Prompt: Reproduce, please, the line that holds "ZonLi Manta de" and all later lines through the end of the entries below, exactly; omit pictures.

________________________

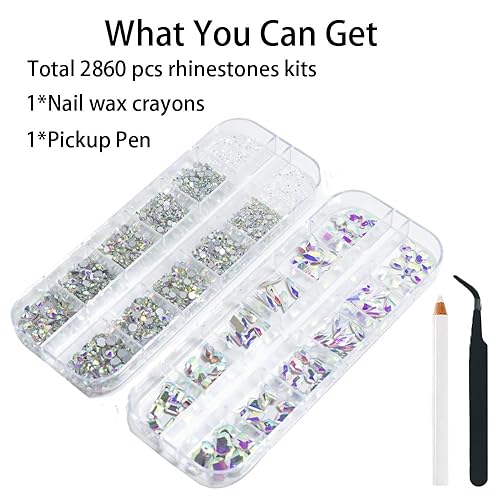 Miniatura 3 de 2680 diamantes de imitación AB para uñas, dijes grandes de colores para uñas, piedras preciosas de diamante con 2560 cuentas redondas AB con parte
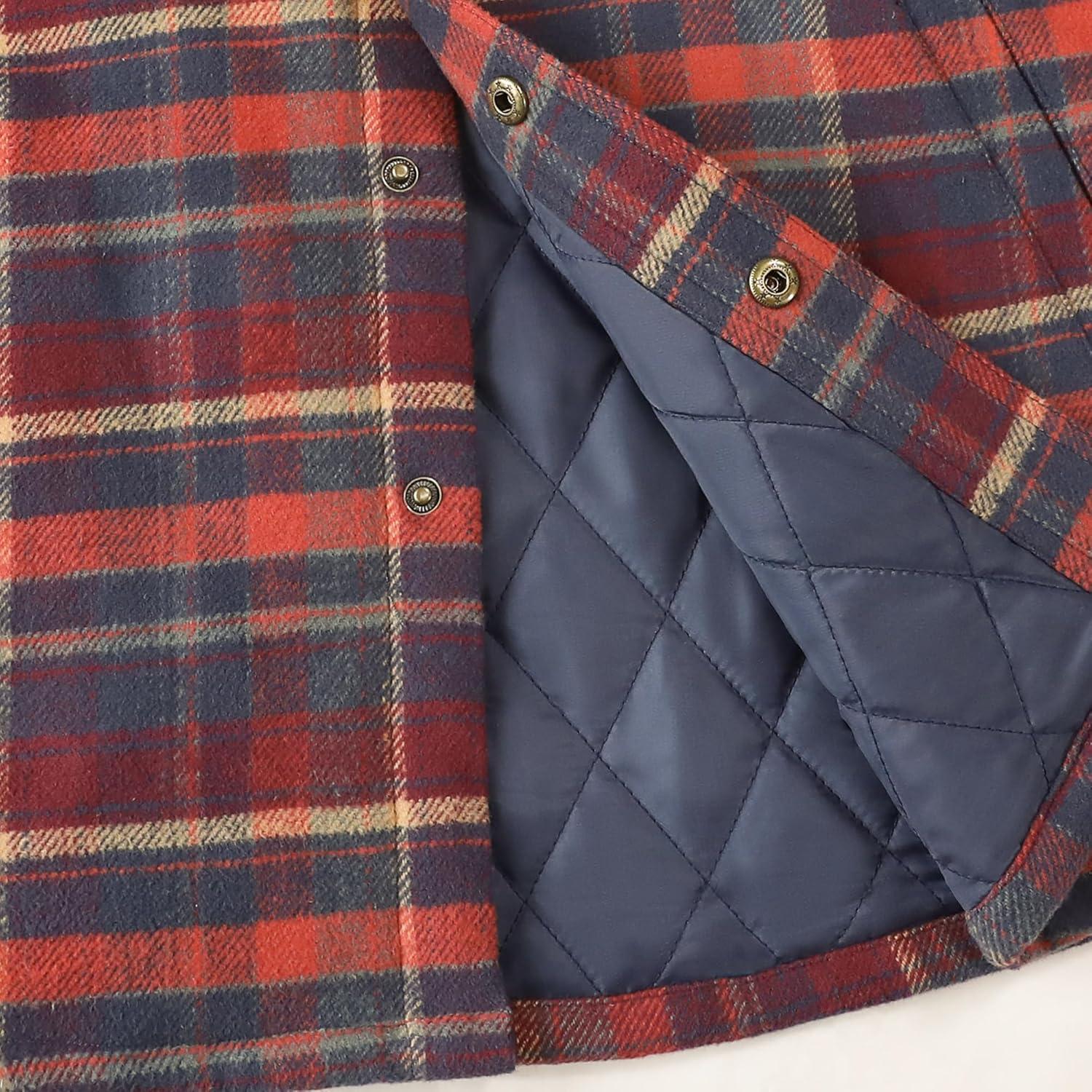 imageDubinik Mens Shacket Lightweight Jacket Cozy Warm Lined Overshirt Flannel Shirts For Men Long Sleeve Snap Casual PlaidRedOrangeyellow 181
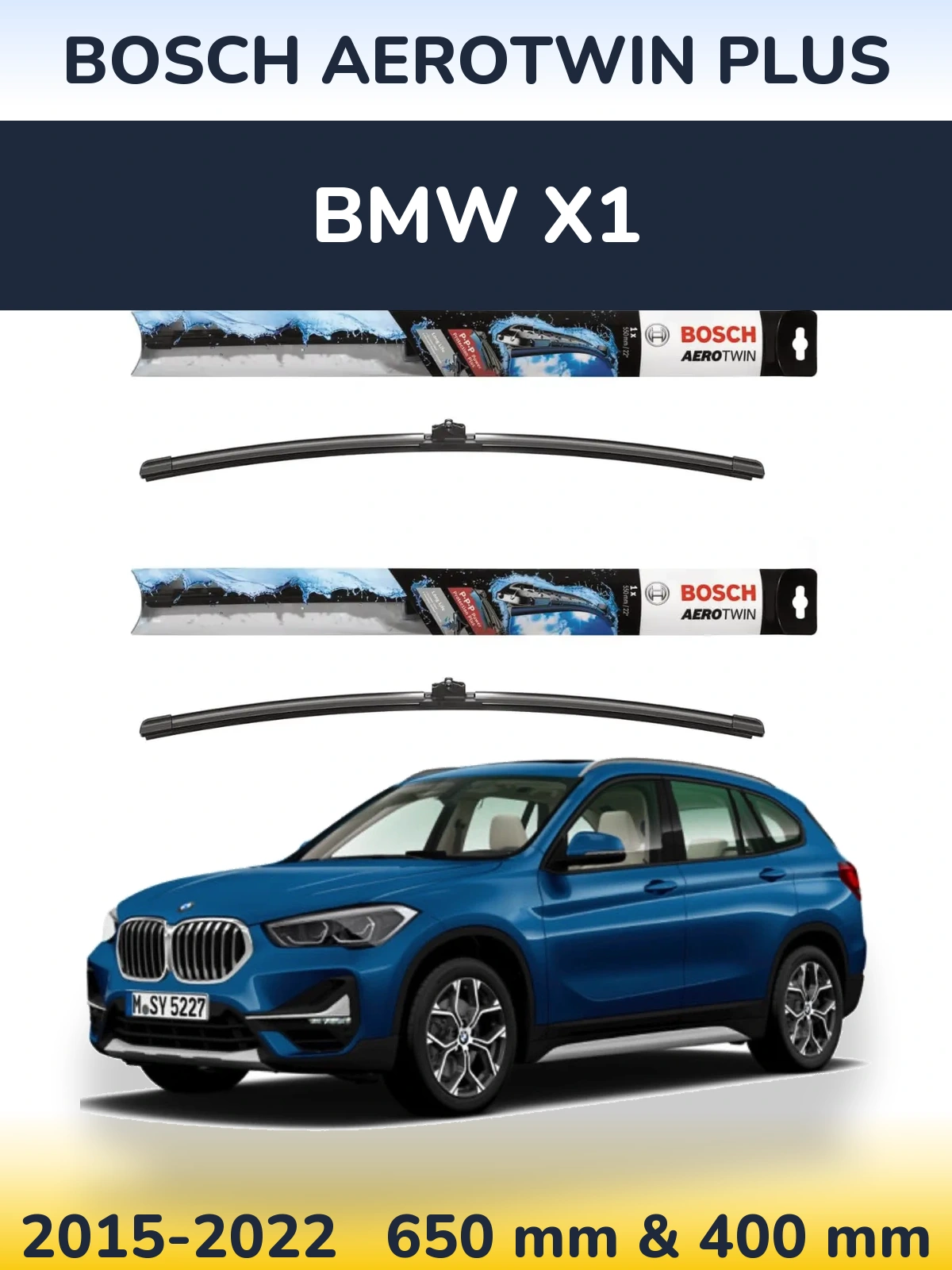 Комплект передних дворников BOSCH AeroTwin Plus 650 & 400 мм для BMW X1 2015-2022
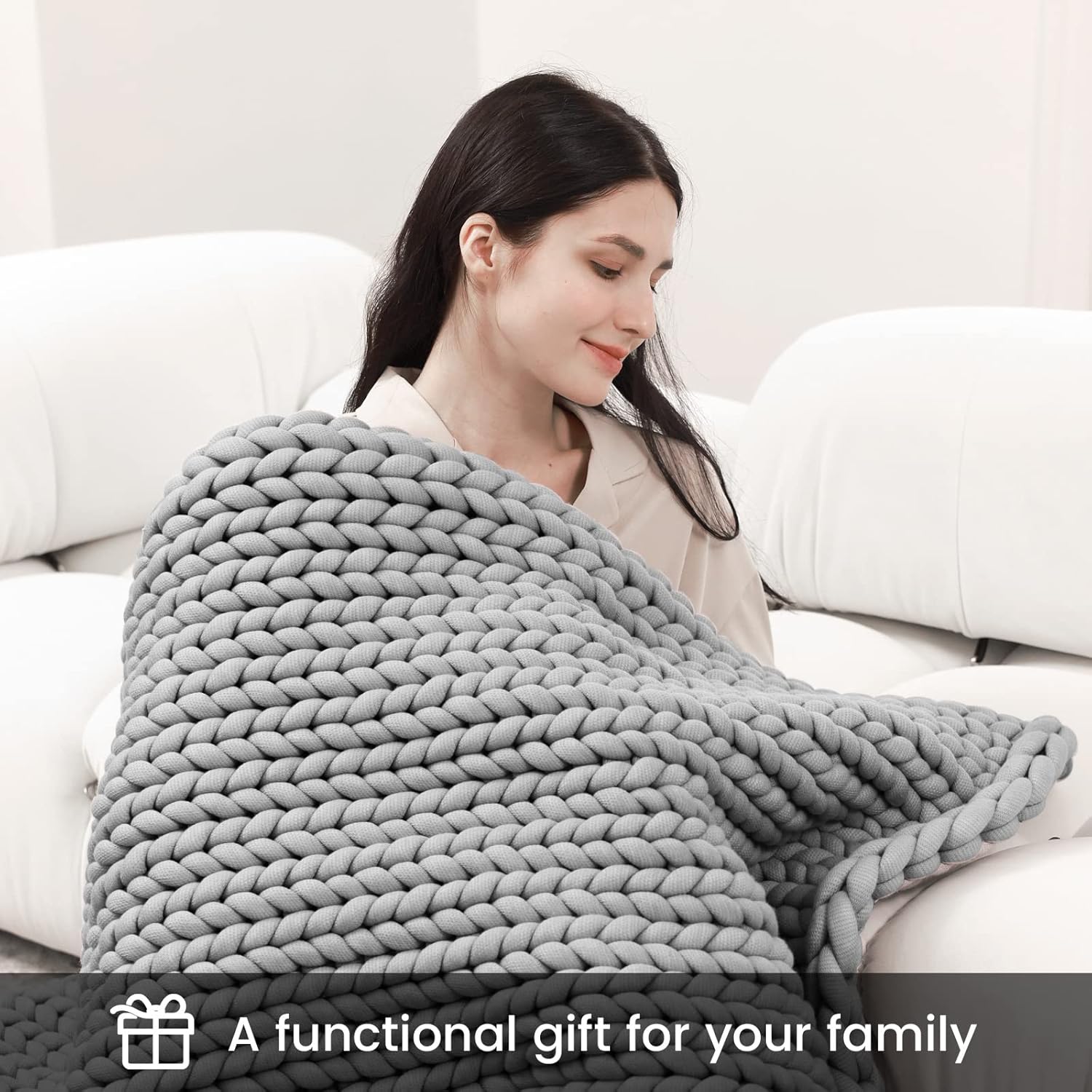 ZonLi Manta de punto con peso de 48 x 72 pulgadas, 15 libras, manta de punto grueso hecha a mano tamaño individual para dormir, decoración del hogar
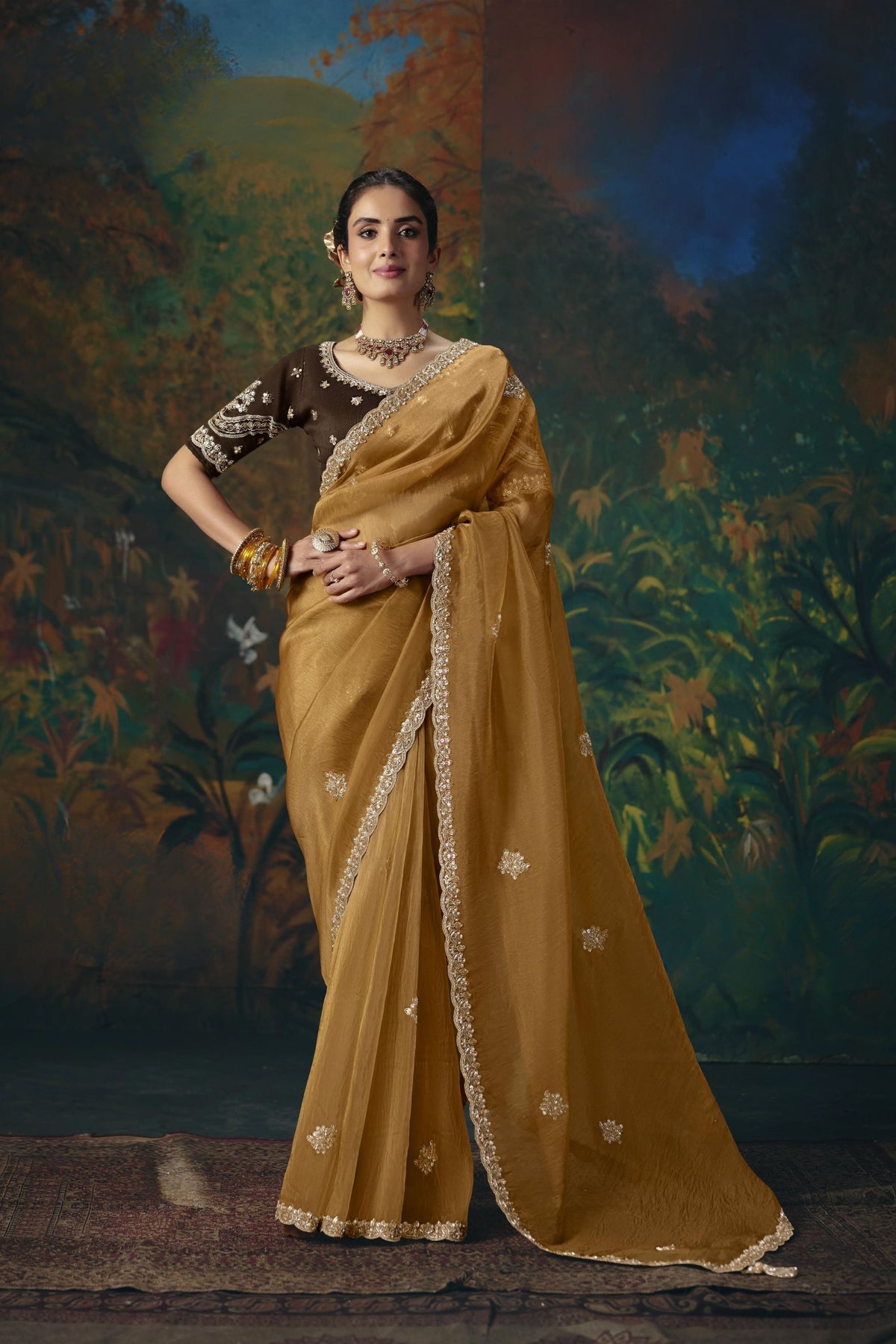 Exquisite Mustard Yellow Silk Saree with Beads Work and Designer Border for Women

________________________

Response box:
 ZonLi Manta de punto con peso de 48 x 72 pulgadas, 15 libras, manta de punto grueso hecha a mano tamaño individual para dormir, decoración del hogar
 Exquisite Mustard Yellow Silk Saree with Beads Work and Designer Border for Women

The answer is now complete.